# Pregnant cat needs help please



## mellie (May 21, 2008)

I don't know if anyone out there can help us we have a cat well she is still a kitten size been clearly dumped and appers to be pregnant, needing a safe new home . she came around about 2 weks ago and she is very friendly I have rung around every where local and nobody can help as they are all over run I have 2 cats and really can not aford anymore if anyone could take her on or give some advice it would be so helpful thankyou for reading x Melinda


----------



## catcoonz (Aug 4, 2012)

have you tried kelly-joy at animal lifeline, she may be able to help you.
if not post again, im sure somebody will take her in. sadly im too far away from you otherwise i would have her.


----------



## Ang2 (Jun 15, 2012)

Can you get her to the vet to see if her pregnancy is early enough to be terminated and have her neutered at the same time?

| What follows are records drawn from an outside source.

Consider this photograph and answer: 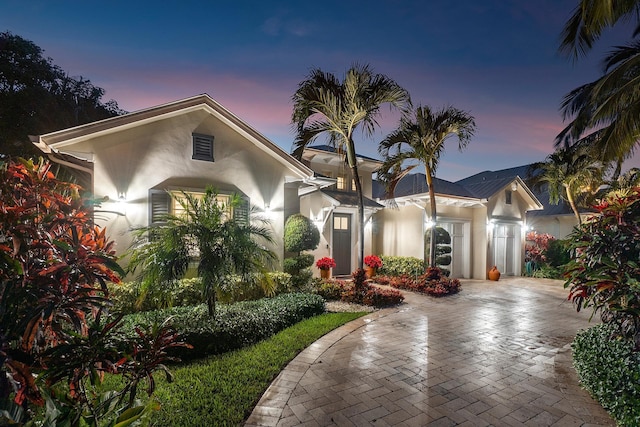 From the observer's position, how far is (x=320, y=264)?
11453 mm

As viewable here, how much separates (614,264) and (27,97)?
19.5m

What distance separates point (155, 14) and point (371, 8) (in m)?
6.02

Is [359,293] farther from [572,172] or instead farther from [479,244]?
[572,172]

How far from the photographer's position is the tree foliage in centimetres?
1318

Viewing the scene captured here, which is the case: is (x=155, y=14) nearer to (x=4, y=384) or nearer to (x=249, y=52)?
(x=249, y=52)

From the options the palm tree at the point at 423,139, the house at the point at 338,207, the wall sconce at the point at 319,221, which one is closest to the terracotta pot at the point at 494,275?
the palm tree at the point at 423,139

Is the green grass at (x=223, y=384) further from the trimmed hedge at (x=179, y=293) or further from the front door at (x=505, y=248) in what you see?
the front door at (x=505, y=248)

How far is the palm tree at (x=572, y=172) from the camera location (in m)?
14.4

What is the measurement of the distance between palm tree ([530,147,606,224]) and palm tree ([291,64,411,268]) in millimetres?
10584

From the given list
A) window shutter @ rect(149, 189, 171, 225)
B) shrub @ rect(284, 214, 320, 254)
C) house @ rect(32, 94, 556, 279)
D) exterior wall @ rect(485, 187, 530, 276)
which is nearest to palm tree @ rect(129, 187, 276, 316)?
house @ rect(32, 94, 556, 279)

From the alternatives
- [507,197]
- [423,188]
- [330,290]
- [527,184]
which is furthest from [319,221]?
[527,184]

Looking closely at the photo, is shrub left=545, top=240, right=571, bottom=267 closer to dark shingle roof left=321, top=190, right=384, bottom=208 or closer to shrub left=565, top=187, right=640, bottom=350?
dark shingle roof left=321, top=190, right=384, bottom=208

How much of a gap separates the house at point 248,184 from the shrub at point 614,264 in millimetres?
5114

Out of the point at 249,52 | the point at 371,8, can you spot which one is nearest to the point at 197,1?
the point at 249,52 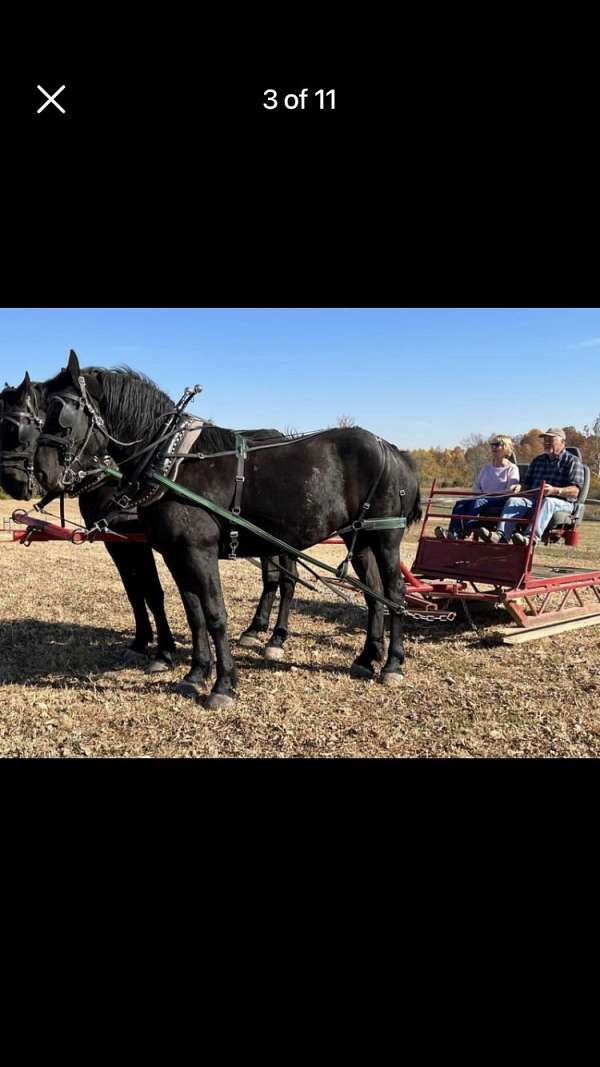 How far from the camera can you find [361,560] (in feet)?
19.6

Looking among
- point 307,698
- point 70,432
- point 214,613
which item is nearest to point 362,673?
point 307,698

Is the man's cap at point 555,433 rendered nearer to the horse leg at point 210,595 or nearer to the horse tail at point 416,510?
the horse tail at point 416,510

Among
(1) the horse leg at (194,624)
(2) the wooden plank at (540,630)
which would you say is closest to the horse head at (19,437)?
(1) the horse leg at (194,624)

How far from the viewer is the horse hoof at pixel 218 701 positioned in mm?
4645

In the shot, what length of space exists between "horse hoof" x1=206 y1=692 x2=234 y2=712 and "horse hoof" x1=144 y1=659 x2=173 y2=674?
39.1 inches

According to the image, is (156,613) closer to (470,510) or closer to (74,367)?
(74,367)

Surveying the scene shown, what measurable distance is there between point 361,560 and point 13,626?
3872 mm

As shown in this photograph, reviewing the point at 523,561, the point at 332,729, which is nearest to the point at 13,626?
the point at 332,729

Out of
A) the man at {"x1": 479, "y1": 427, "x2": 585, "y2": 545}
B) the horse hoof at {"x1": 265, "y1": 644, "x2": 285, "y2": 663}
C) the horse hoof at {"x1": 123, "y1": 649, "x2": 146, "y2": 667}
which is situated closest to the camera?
A: the horse hoof at {"x1": 123, "y1": 649, "x2": 146, "y2": 667}

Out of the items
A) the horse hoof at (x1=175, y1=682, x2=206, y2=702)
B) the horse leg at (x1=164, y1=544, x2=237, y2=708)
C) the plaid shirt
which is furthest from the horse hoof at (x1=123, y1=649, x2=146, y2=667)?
the plaid shirt

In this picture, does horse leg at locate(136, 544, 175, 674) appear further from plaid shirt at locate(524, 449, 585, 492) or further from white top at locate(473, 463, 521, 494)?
plaid shirt at locate(524, 449, 585, 492)

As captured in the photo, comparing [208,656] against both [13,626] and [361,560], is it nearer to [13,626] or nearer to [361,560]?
[361,560]

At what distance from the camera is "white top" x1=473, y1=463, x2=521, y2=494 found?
6.93m

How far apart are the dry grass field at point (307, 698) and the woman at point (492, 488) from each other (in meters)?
1.12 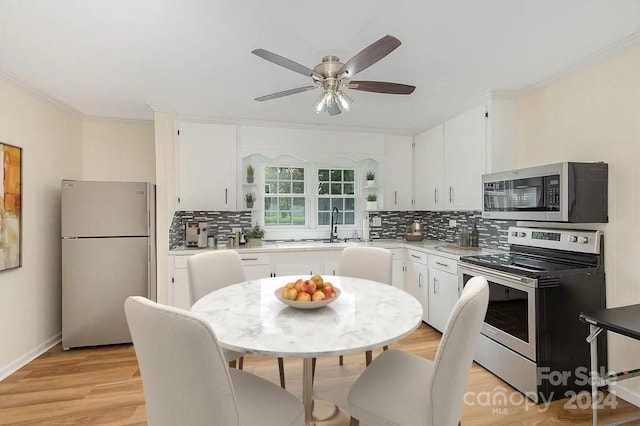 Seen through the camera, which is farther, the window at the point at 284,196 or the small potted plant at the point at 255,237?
the window at the point at 284,196

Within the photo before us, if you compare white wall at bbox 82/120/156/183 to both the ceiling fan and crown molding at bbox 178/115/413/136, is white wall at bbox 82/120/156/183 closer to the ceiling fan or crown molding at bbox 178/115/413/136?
crown molding at bbox 178/115/413/136

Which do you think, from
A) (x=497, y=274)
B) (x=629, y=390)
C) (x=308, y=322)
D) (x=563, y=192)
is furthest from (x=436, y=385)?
(x=629, y=390)

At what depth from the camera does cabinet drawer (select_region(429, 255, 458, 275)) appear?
2994 millimetres

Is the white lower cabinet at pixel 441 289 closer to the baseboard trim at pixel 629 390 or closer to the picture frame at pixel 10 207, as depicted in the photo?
the baseboard trim at pixel 629 390

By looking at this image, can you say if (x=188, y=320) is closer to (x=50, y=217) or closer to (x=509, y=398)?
(x=509, y=398)

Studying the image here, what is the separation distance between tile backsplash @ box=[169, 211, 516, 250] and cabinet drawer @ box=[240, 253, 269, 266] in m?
0.63

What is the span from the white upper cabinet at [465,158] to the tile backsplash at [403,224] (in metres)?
0.32

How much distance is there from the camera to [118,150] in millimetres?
3701

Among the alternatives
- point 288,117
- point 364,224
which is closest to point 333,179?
point 364,224

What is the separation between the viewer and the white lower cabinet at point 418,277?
3.46 meters

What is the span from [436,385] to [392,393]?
0.27 metres

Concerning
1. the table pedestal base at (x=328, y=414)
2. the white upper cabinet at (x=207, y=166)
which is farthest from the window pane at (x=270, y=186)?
the table pedestal base at (x=328, y=414)

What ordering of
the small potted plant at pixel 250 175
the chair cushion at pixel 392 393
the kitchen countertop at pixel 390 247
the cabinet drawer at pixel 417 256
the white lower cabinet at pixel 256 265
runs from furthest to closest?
1. the small potted plant at pixel 250 175
2. the cabinet drawer at pixel 417 256
3. the white lower cabinet at pixel 256 265
4. the kitchen countertop at pixel 390 247
5. the chair cushion at pixel 392 393

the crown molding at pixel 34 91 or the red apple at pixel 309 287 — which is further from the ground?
the crown molding at pixel 34 91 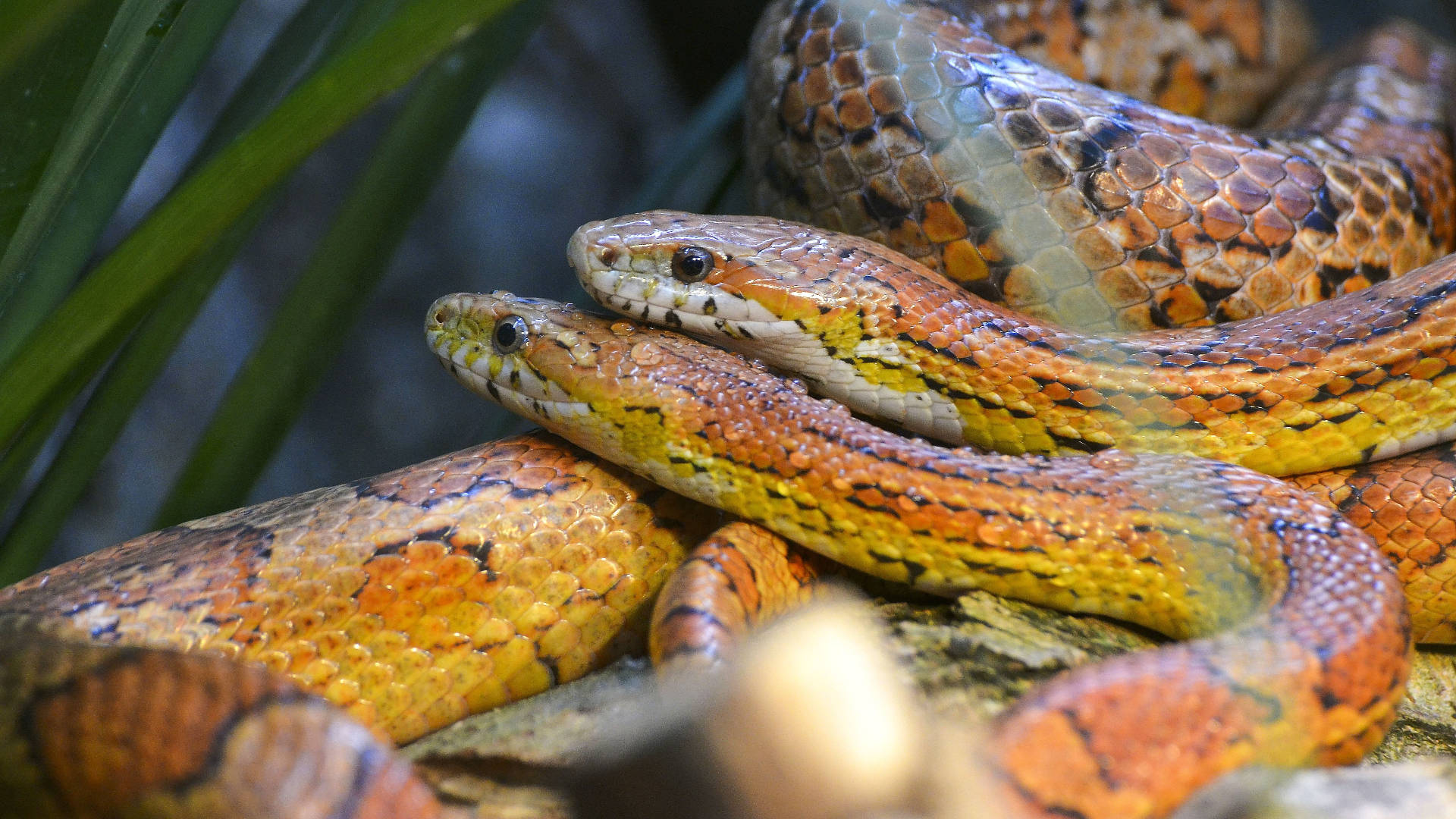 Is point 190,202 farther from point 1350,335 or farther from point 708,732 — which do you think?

Also try Kelly Joy who has lots of contacts.


----------



## Calvine (Aug 20, 2012)

mellie said:


> I don't know if anyone out there can help us we have a cat well she is still a kitten size been clearly dumped and appers to be pregnant, needing a safe new home . she came around about 2 weks ago and she is very friendly I have rung around every where local and nobody can help as they are all over run I have 2 cats and really can not aford anymore if anyone could take her on or give some advice it would be so helpful thankyou for reading x Melinda


"Appears" to be pregnant? Do we know if she is, poor baby? I am in west London, but could meet someone halfway if she really is due to produce a litter as it is too cold to leave her to her own devices. Why don't people get their cats (male AND female) sorted? It seems to me that every year this problem gets worse despite the fact that there is FREE neutering for those on a low income. Really, they don't ask too many questions, it is not intrusive as they are more concerned about the cat's welfare.


----------



## mellie (May 21, 2008)

Thankyou so much for replying our local cat rescue lady has offerd her vets and offered to pay to check if she is pregnant which is so kind of her , i would be prepared to travel anywhere to see such a beautifull animal given love and care x and I have to call her wednesday to see if she has space and will call her vet to check for pregnancy they say they will terminate pregnancy and spay her if needs be , yes she should be spayed but at the presant she needs a loving home I am feeding her behind my husbands back but her need is greater than his ! If I had the money to take care of her properly I would but very sadly I dont three children 2 cats 1 rabbit 1 hamster and 1 fish is all i can manage x thankyou animal lovers xx


----------



## catcoonz (Aug 4, 2012)

please keep us posted. xx


----------



## mellie (May 21, 2008)

I will keep you posted my hubby has taken my younger two to watch fireworks and our oldest cat is in my bedroom our youngest cat is in my sons room and the little stray is here with me in our lounge !!! hubby would go nuts ! tough she needs us !! love that is !!


----------



## catcoonz (Aug 4, 2012)

could always lock hubby out for the night.


----------



## Guest (Nov 6, 2012)

I wonder if ceawood could help? Is she south or east sussex? Is that close, to Brits? Tho she may have a new dog and a new foster cat, and I think hasn't been on for a while.


----------



## ceawood (Oct 8, 2012)

East Sussex. It's almost the width of the country away. A fair percentage of our tiny country


----------